Cured Fluke with Yogurt, Watermelon, Sunflower Seeds, and Togarashi
Breakfast, brunch, or snack, we could serve (and eat) this quick-cured, no-cook fish dish from John Karangis of Union Square Events, any time of day. It works exceptionally well as a summer starter, served with a savory lime yogurt and refreshing cubes of ripe watermelon, then sprinkled with flecks of shichimi togarashi: a spicy, tangy, earthy Japanese spice mix.
- 1⁄2 cup kosher salt, plus more
- 6 tbsp. sugar
- 2 (4-oz.) fluke fillets
- 1 tsp. flakey sea salt
- 6 tbsp. plain Greek yogurt
- 2 tbsp. fresh lime juice
- 2 tbsp. olive oil, plus more for drizzling
- 8 oz. watermelon flesh, cut into 1/2-inch pieces
- 1⁄2 cup sunflower sprouts
- 3 tbsp. sunflower seeds, toasted
- 1 tbsp. togarashi
- In a 9-by-13-inch baking dish, whisk the salt with the sugar, and then lay the fillets over the top, tossing to coat. Cover the dish with plastic wrap and refrigerate for 45 minutes. Remove the fish from the dish and rinse under cold water. Transfer to paper towels and pat dry.

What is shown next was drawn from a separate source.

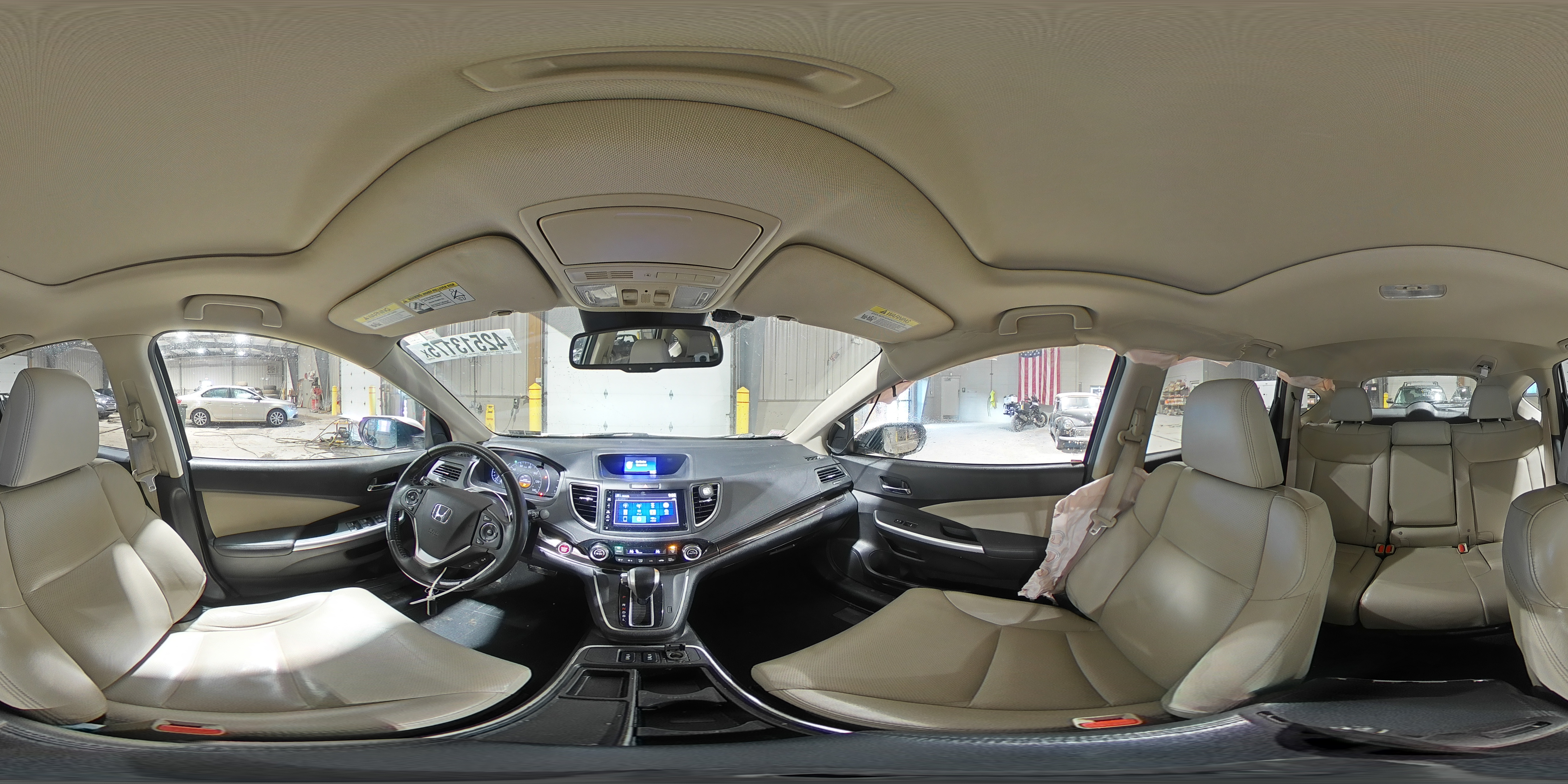 2016 Honda CR-V - Image 13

- Place the fluke on a cutting board, and thinly slice on the bias. Arrange the fluke slices on a serving platter and sprinkle with the sea salt. In a small bowl, combine the yogurt with the lime juice and the 2 tablespoons olive oil. Season the sauce with salt and then dollop alongside the fish on the platter. Arrange the watermelon alongside the fish on the platter and then sprinkle the entire dish with the sunflower sprouts and seeds and the togarashi. Drizzle the dish with olive oil just before serving.